## Task goal
Without the pictures, reproduce the entries below exactly.
[Source material — start]
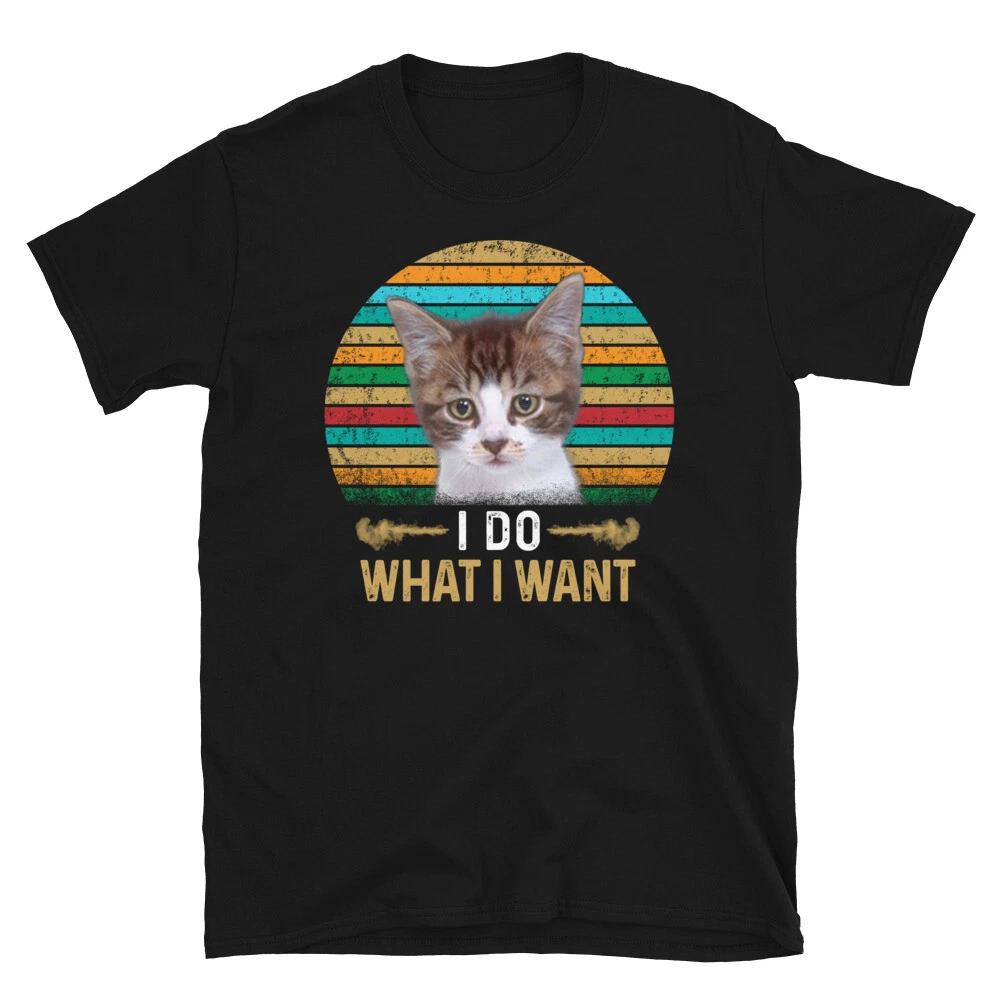 I Do What I Want Cute Cat Funny Animal Kitty Cats T-Shirt M
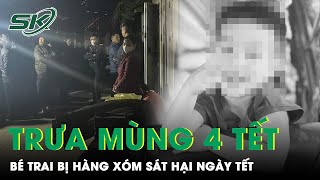 Tin Nóng Điều Tra Vụ Án Mạng Thương Tâm Bé Trai Bị Hàng Xóm Sát Hại Ngày Tết  SKĐS [upl. by Edmanda]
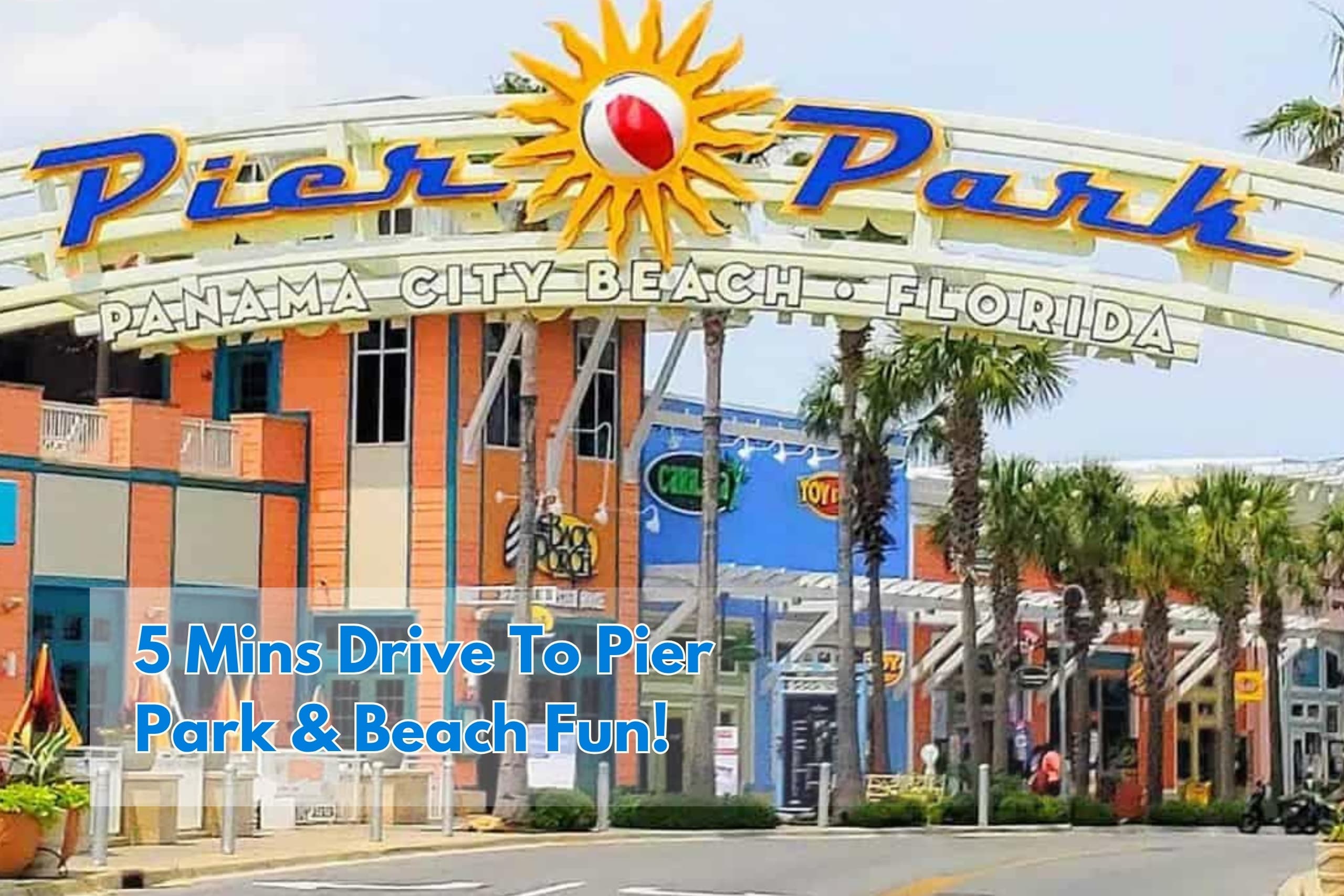 5 Minutes to Pier Park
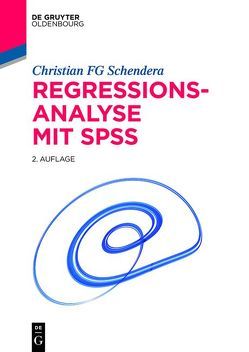 Regressionsanalyse mit SPSS von Schendera,  Christian FG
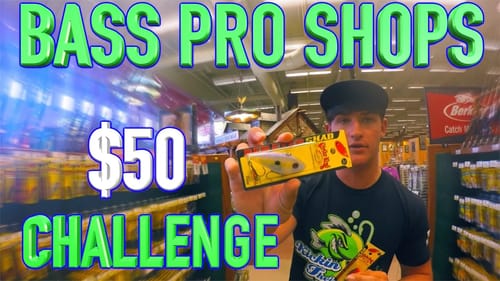 Bass Pro Shops ~ $50 Challenge !!! Best Bass Fishing Tackle !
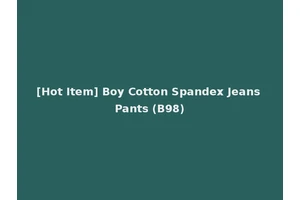 [Hot Item] Boy Cotton Spandex Jeans Pants (B98)
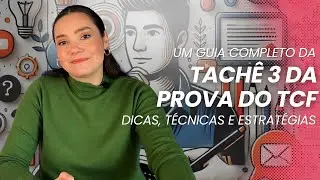 TUDO SOBRE A TÂCHE 3 DO TCF: DICAS E ESTRATÉGIAS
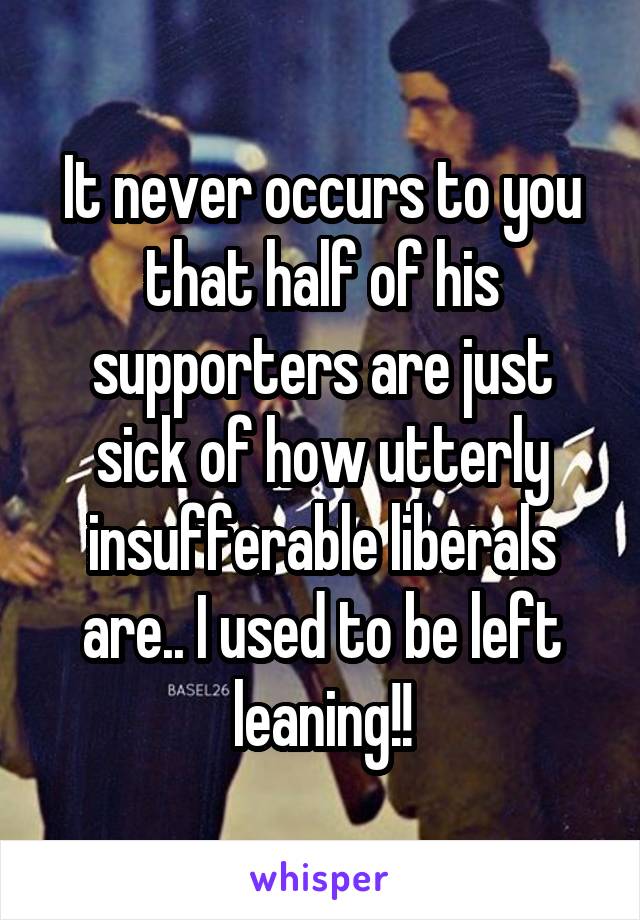 It never occurs to you that half of his supporters are just sick of how utterly insufferable liberals are.. I used to be left leaning!!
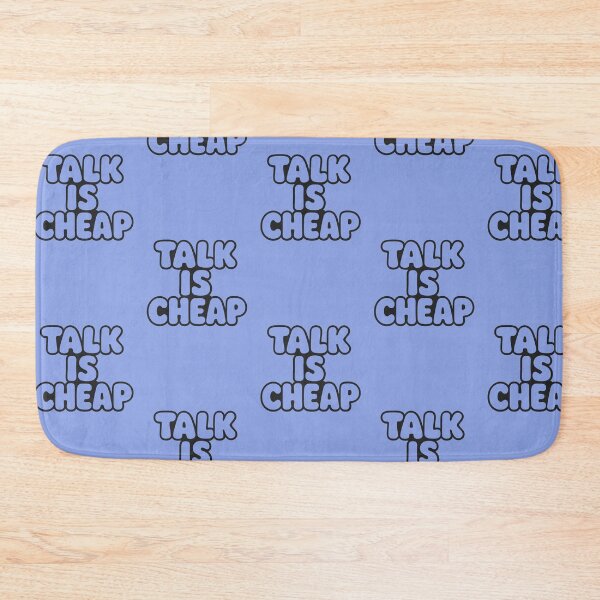Item preview, Talk Is Cheap Inspirational Quote designed and sold by ArtComixHaven.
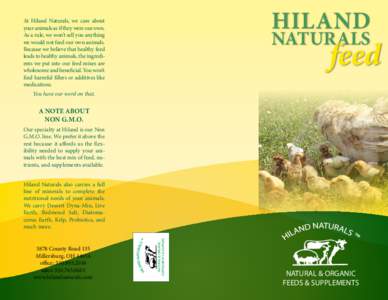 Hiland  At Hiland Naturals, we care about your animals as if they were our own. As a rule, we won’t sell you anything we would not feed our own animals.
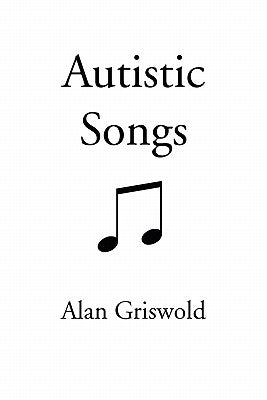 Autistic Songs by Griswold, Alan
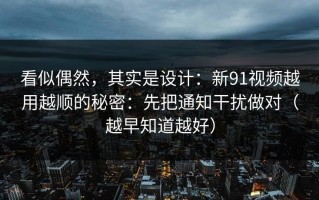 看似偶然，其实是设计：新91视频越用越顺的秘密：先把通知干扰做对（越早知道越好）
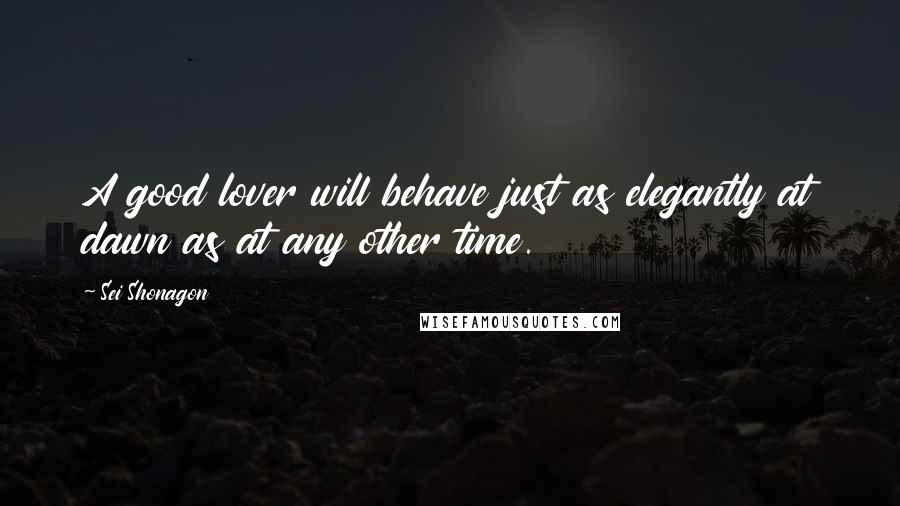 Sei Shonagon Quotes: A good lover will behave just as elegantly at dawn as at any other time.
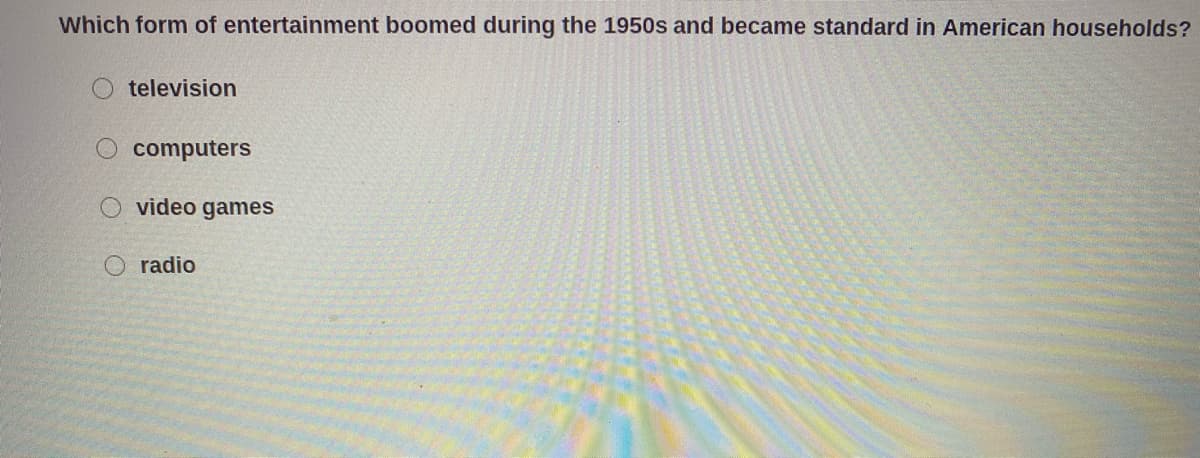 Which form of entertainment boomed during the 1950s and became standard in American households?
television
computers
video games
radio
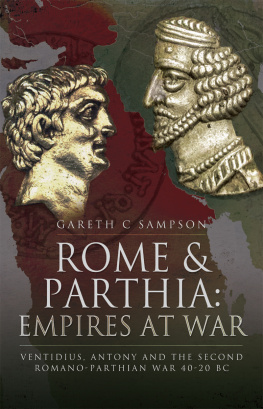 Gareth C. Sampson Rome and Parthia: Empires at War: Ventidius, Antony and the Second Romano-Parthian War, 40-20 BC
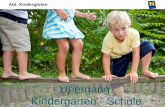 Abt. Kindergärten Übergang Kindergarten - Schule.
[Source material — finish]
## Result for this task
 I Do What I Want Cute Cat Funny Animal Kitty Cats T-Shirt M
 Tin Nóng Điều Tra Vụ Án Mạng Thương Tâm Bé Trai Bị Hàng Xóm Sát Hại Ngày Tết  SKĐS [upl. by Edmanda]
 5 Minutes to Pier Park
 Regressionsanalyse mit SPSS von Schendera,  Christian FG
 Bass Pro Shops ~ $50 Challenge !!! Best Bass Fishing Tackle !
 [Hot Item] Boy Cotton Spandex Jeans Pants (B98)
 TUDO SOBRE A TÂCHE 3 DO TCF: DICAS E ESTRATÉGIAS
 It never occurs to you that half of his supporters are just sick of how utterly insufferable liberals are.. I used to be left leaning!!
Item preview, Talk Is Cheap Inspirational Quote designed and sold by ArtComixHaven.
 Hiland  At Hiland Naturals, we care about your animals as if they were our own. As a rule, we won’t sell you anything we would not feed our own animals.
 Autistic Songs by Griswold, Alan
 看似偶然，其实是设计：新91视频越用越顺的秘密：先把通知干扰做对（越早知道越好）
 Sei Shonagon Quotes: A good lover will behave just as elegantly at dawn as at any other time.
 Which form of entertainment boomed during the 1950s and became standard in American households?
television
computers
video games
radio
 Gareth C. Sampson Rome and Parthia: Empires at War: Ventidius, Antony and the Second Romano-Parthian War, 40-20 BC
 Abt. Kindergärten Übergang Kindergarten - Schule.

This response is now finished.